▶ Exercise description
Everything from the line that contains "SPRO MIKE MCCLELLAND RKCRAWLER 50 CRANKBAIT" through the final line of the records below should be quoted exactly, except the pictures.
(Data shown begins)
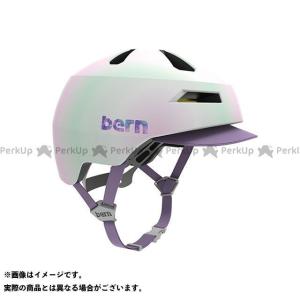 bern ヘルメット 自転車 幼児用ヘルメット bern ニーノ2.0 幼稚園年少対象 サイ…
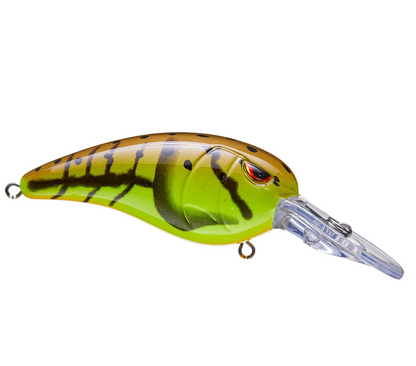 SPRO MIKE MCCLELLAND RKCRAWLER 50 CRANKBAIT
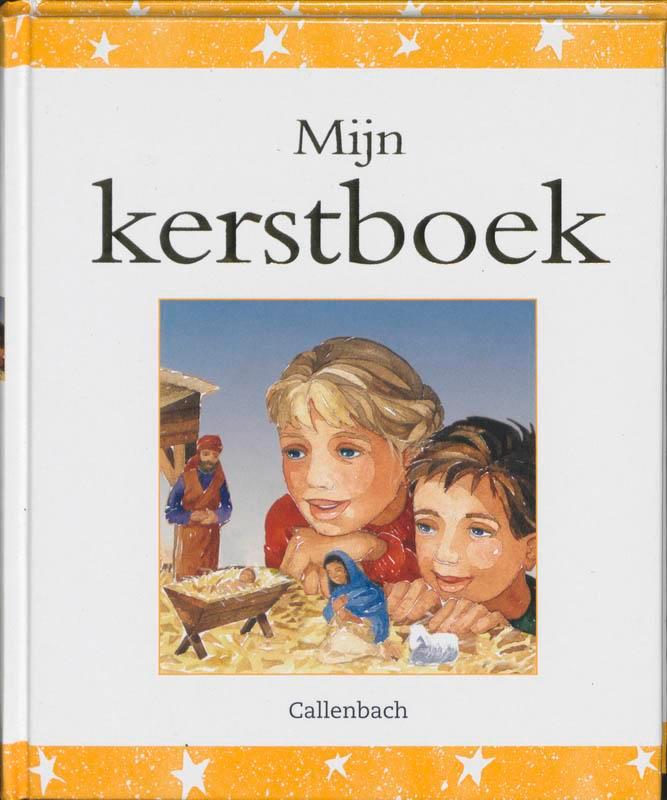 Mijn Kerstboek 9789026613098 L. Rock, Boeken, Overige Boeken, Gelezen, Verzenden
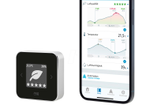 Eve 10EBX9901 Room Raumklima- & Luftqualitäts-Monitor (HomeKit)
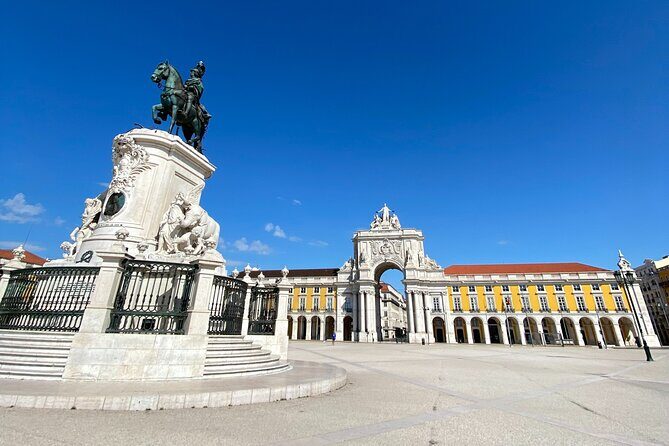 Lisbon Full Day Small Group City Tour - Analyzing the Value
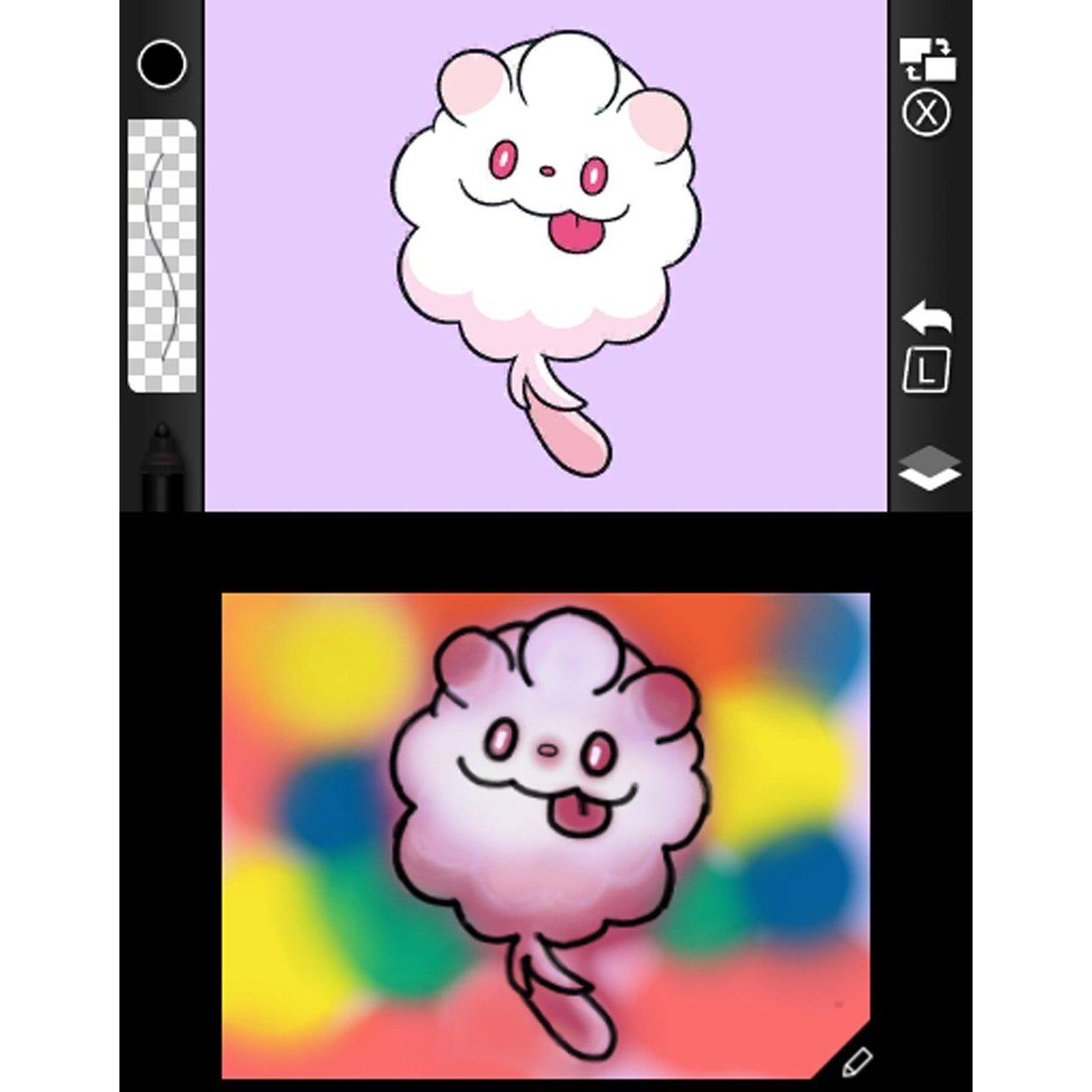 Pokémon Art Academy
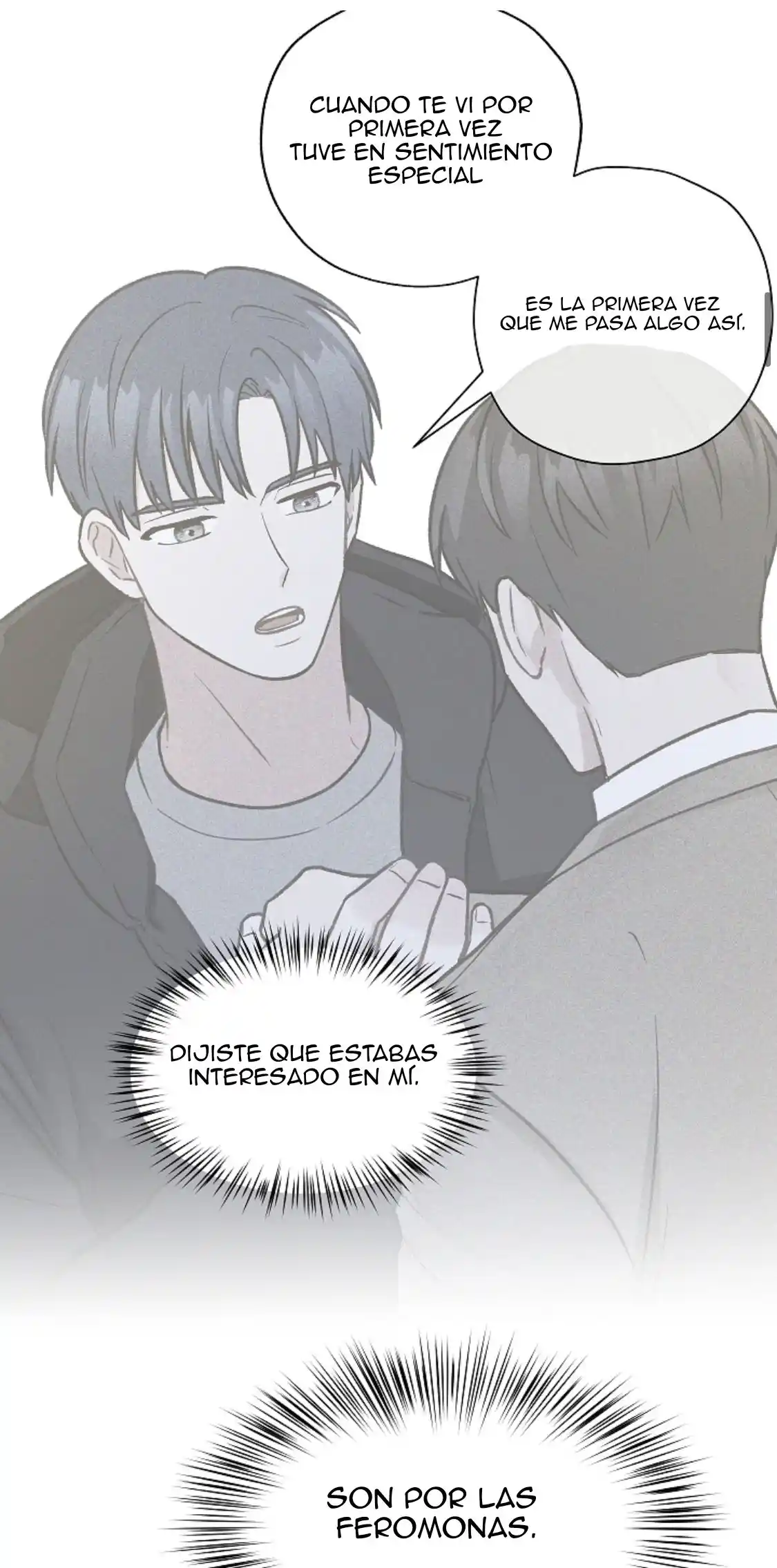Mi dulce y amargo destino (2021) - Capítulo 22 - Página 12 - LectorTMOo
(Data shown ends)
▶ Written response
 SPRO MIKE MCCLELLAND RKCRAWLER 50 CRANKBAIT
 Mijn Kerstboek 9789026613098 L. Rock, Boeken, Overige Boeken, Gelezen, Verzenden
 Eve 10EBX9901 Room Raumklima- & Luftqualitäts-Monitor (HomeKit)
 Lisbon Full Day Small Group City Tour - Analyzing the Value
 Pokémon Art Academy
Mi dulce y amargo destino (2021) - Capítulo 22 - Página 12 - LectorTMOo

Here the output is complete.